Da horizontalidade do processo

O trabalho realizado junto à comunidade com a panfletagem porta a porta e reunião de moradores em eventos e oficinas para discussão gerou redes de comunicação, onde vizinhos falaram com outros vizinhos transmitindo as informações. Assim, foi possível o contato com a ACES, que já estava providenciando a academia da cidade para a praça. Já na oficina de maquete, alguns jardineiros se disponibilizaram a ajudar na fase de execução, algumas mudas foram doadas por um colega da Escola de Arquitetura, um conhecido indicou grafiteiros para fazer um painel artístico na praça e, dessa forma, várias parcerias aconteceram. Formaram-se redes de comunicação e parcerias para a viabilização da intervenção, algumas das quais ainda estão sendo mapeadas para melhorar a compreensão do processo em curso. As relações de participação em várias escalas tornam o processo rico pelos aportes individuais das pessoas envolvidas. Conseguiu-se buscar a relação em rede, de fato, a materialização de um processo aberto e horizontal, acessível e democrático e, neste aspecto, observam-se ganhos consideráveis na participação e nos formatos de participação, assim como na formação de relações afetivas com a intervenção e com o espaço. 6.3.

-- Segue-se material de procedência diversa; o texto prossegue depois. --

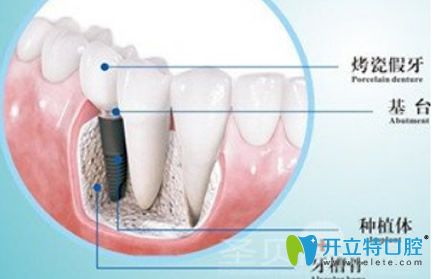 　種植牙由種植體基臺烤瓷冠三部分組成部分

Do poder popular e do intercâmbio de pessoas “do asfalto ao morro” 5

Conscientizar a população dos assentamentos informais da capacidade de tomar conta e alterar, de forma positiva, melhorando seu habitat, é algo que ainda está longe do acontecer. A proposta do PGE aponta esta possibilidade, mas a situação de fato demonstra como ainda há um descompasso entre legislação e realidade. As comunidades dos assentamentos informais ainda desempenham um papel passivo, sendo chamadas a atuarem de uma maneira dirigida dentro de um processo de cooptação, se contentando com o pouco que o poder público coloca a disposição. Esta situação é resultado de um processo histórico que vem de longe afundando suas raízes no processo de formação do país e envolve a sociedade brasileira como um todo. A reforma da “pracinha” busca, mesmo que de forma pequena e limitada espacialmente, quebrar este processo, responsabilizando e capacitando a comunidade local para que, desvinculando-se do julgo do poder público se torne o ator principal no processo de melhoria do espaço público nestes assentamentos. Esta experiência pode ser vista, nesse sentido, como um projeto piloto, na esperança que esta tomada de consciência sirva para alastrar estas práticas para além dos limites da “pracinha”. Ademais, o processo em curso possibilita algo pouco comum, que é a troca entre os diversos atores que compõem a sociedade brasileira em um processo de integração e não de exclusão. O processo da “pracinha” é um momento fundamental no qual as componentes sociais instauram uma arena de discussão se confrontando e dialogando em busca de um consenso. Fazendo isso preconceitos e visões estereotipadas do “outro” perdem sentido juntando dentro de um único objetivo as pessoas do asfalto e do morro.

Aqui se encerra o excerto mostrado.